Книголюб, посасывая погасшую трубку, пристально рассматривал книгу, что я держал в руках. Несмотря на личину пустомели и болтуна, он носом чуял хороший текст, как волк — запах крови.
— Итак, — сказал Барсело, изображая безразличие, — с чем пожаловали?
Я взглянул на отца. Он кивнул. Не долго думая я отдал книгу Барсело, и она оказалась в опытных руках. Тонкие пальцы пианиста быстро исследовали ее состояние, переплет и качество бумаги. С рассеянной улыбкой Барсело раскрыл страницу с выходными данными и, словно опытный криминалист, исследовал ее за одну минуту. Все вокруг, затаив дыхание, наблюдали за ним, словно ожидая чуда или разрешения сделать следующий вдох.
— Каракс. Интересно, — невозмутимо произнес он.
Я протянул руку за книгой. Барсело приподнял брови, однако вернул ее мне с ледяной улыбкой:
— Где ты ее раздобыл, малыш?
— Это секрет, — ответил я, догадываясь, что отца забавляет ситуация, в которую попал этот всезнайка.
Барсело нахмурился и перевел взгляд на моего отца:
— Послушайте, Семпере, только из уважения к вам и благодаря узам давней и искренней дружбы, которые нас связывают, остановимся на сорока дуро, и ни песеты больше.
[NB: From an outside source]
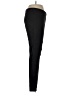 Free People Solid Black Active Pants Size L - photo 4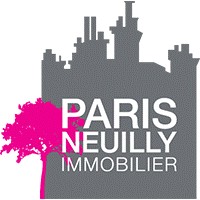 Paris Neuilly Immobilier logo - Similar company to Building Partners Group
— Я должен посоветоваться с сыном, — возразил отец. — Книга принадлежит ему.
Барсело обратил ко мне волчий оскал:
— Что скажешь, отрок? Для первого раза сорок дуро — совсем неплохо… Семпере, твой мальчуган далеко пойдет. Он прирожденный книготорговец.
Сидевшие за столом подобострастно рассмеялись. Барсело самодовольно посмотрел на меня и достал свой кожаный бумажник. Он отсчитал сорок дуро, что по тем временам было целым состоянием, и протянул их мне. Я молча покачал головой. Барсело снова нахмурился:
— Видишь ли, алчность — один из смертных грехов, порождаемых бедностью, не так ли? Так и быть, шестьдесят дуро, и ты сможешь завести себе сберкнижку, в твоем возрасте пора подумать о будущем.
Я снова молча покачал головой. Сквозь монокль Барсело бросил разъяренный взгляд на моего отца.
— Зря вы на меня смотрите, — сказал отец, — я тут ничего не решаю.
Барсело вздохнул и стал пристально меня разглядывать:
— Послушай, малыш, чего ты хочешь?
— Я хочу знать, кто такой Хулиан Каракс и где можно найти другие его книги, если, конечно, он еще что-нибудь написал.
Густаво тихо рассмеялся и убрал бумажник, поняв наконец, с кем имеет дело.
— Ты прямо академик! Семпере, и чем вы его только кормите? — пошутил книготорговец.
Он доверительно наклонился ко мне, и в его глазах промелькнуло нечто вроде уважения, чего еще несколько секунд назад я в них не видел.